INSTRUCTIONS TO FOLLOW
Pictures in the records below must be left out. Return exactly the lines from the line with "NEEWER teleobjetivo de" to the line with "Seamed Zip Bustier", both included.

MATERIAL FOR THIS EXERCISE
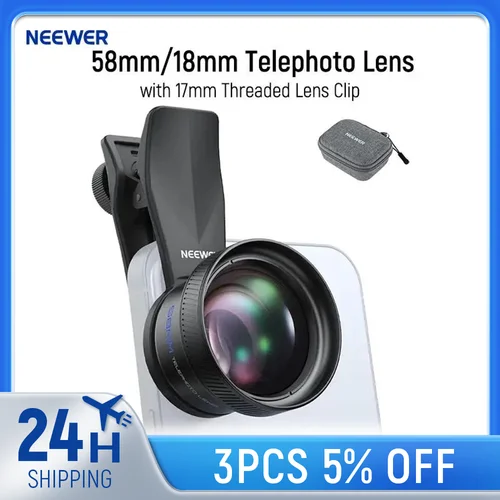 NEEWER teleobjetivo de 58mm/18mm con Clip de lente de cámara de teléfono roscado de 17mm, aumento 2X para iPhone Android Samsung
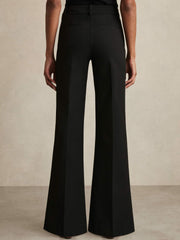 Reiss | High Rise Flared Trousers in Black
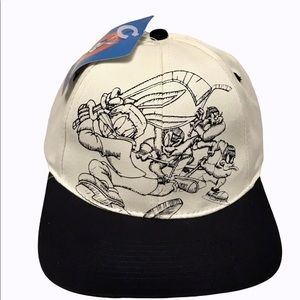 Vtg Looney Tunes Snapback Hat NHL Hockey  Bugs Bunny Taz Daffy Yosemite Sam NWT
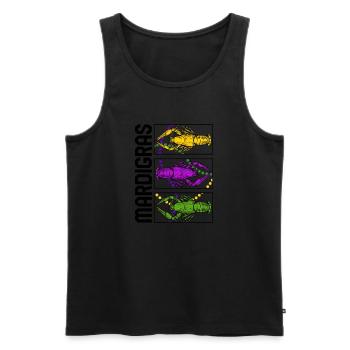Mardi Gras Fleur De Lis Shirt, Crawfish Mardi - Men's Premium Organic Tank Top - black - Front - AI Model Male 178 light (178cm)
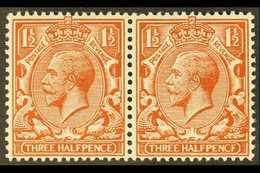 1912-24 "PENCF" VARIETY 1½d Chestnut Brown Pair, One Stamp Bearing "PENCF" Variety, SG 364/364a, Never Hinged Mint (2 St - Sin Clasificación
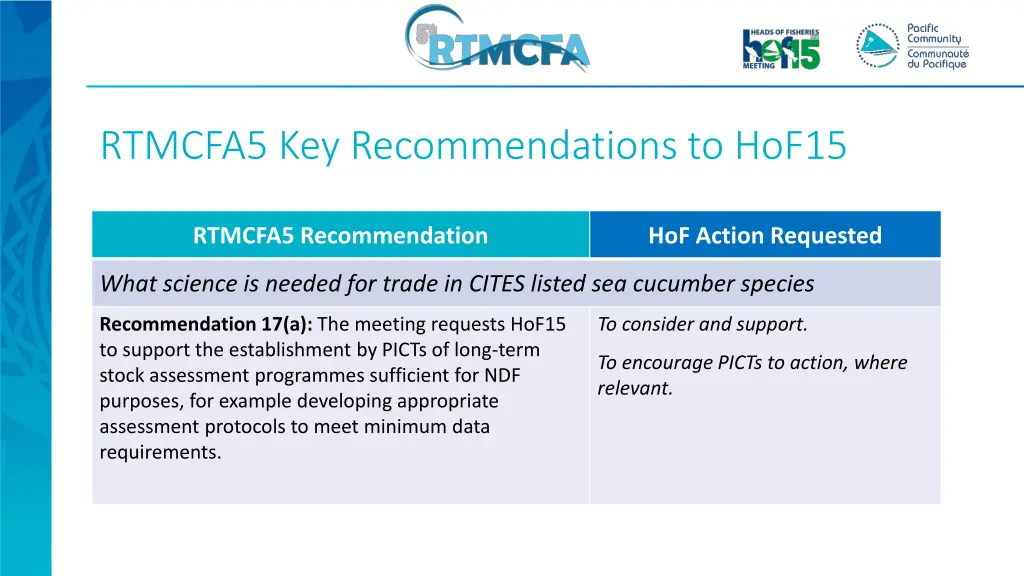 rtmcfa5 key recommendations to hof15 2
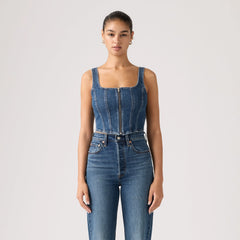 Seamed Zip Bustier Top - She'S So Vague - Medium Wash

--

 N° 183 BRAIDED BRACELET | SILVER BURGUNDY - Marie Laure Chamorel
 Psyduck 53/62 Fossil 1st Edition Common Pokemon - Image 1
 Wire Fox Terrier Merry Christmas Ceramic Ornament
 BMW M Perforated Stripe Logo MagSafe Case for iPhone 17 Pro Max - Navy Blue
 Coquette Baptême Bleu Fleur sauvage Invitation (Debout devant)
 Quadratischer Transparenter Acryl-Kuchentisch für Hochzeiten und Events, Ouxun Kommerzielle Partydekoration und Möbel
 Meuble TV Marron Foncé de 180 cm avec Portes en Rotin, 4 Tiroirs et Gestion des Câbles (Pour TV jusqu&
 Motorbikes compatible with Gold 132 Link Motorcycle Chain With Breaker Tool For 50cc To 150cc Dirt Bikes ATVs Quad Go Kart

--

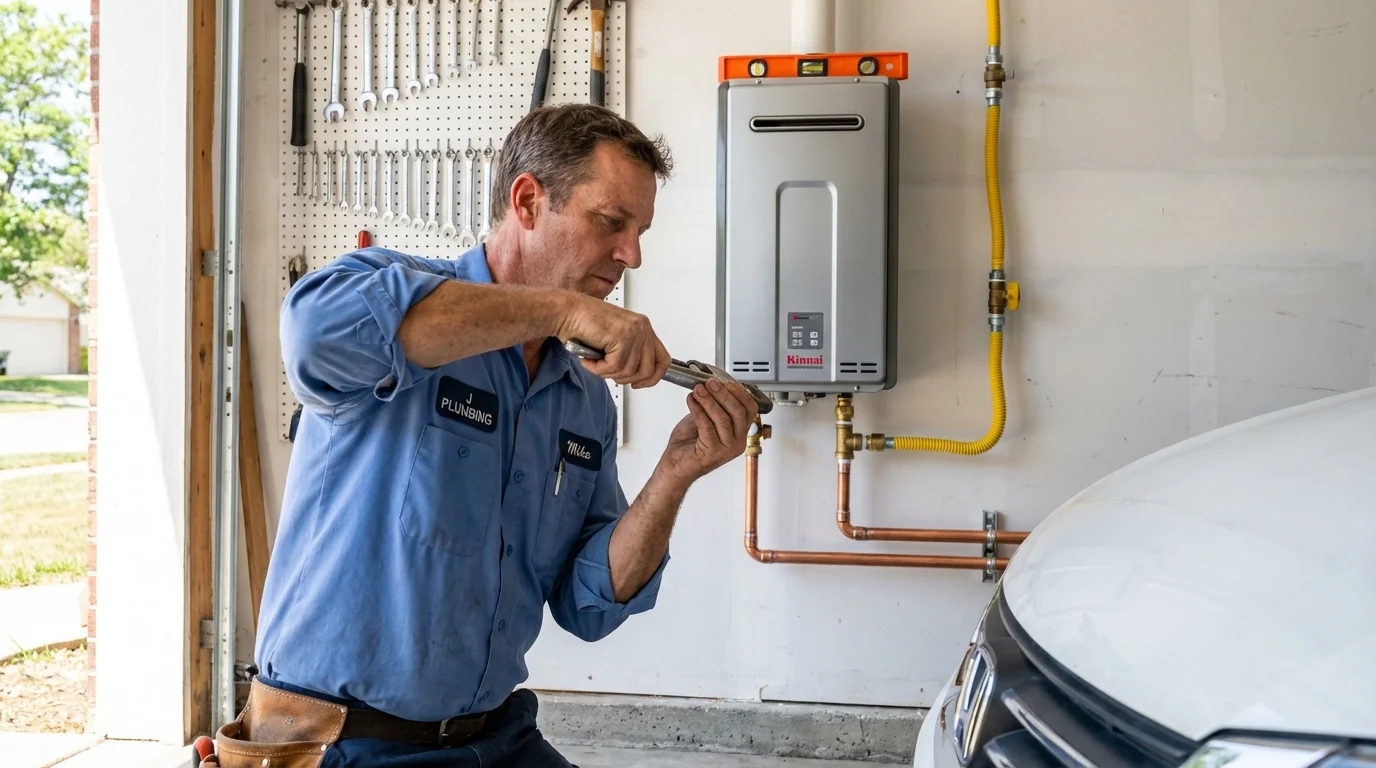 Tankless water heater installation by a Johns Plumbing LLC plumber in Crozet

TASK RESULT
 NEEWER teleobjetivo de 58mm/18mm con Clip de lente de cámara de teléfono roscado de 17mm, aumento 2X para iPhone Android Samsung
 Reiss | High Rise Flared Trousers in Black
 Vtg Looney Tunes Snapback Hat NHL Hockey  Bugs Bunny Taz Daffy Yosemite Sam NWT
Mardi Gras Fleur De Lis Shirt, Crawfish Mardi - Men's Premium Organic Tank Top - black - Front - AI Model Male 178 light (178cm)
 1912-24 "PENCF" VARIETY 1½d Chestnut Brown Pair, One Stamp Bearing "PENCF" Variety, SG 364/364a, Never Hinged Mint (2 St - Sin Clasificación
 rtmcfa5 key recommendations to hof15 2
 Seamed Zip Bustier Top - She'S So Vague - Medium Wash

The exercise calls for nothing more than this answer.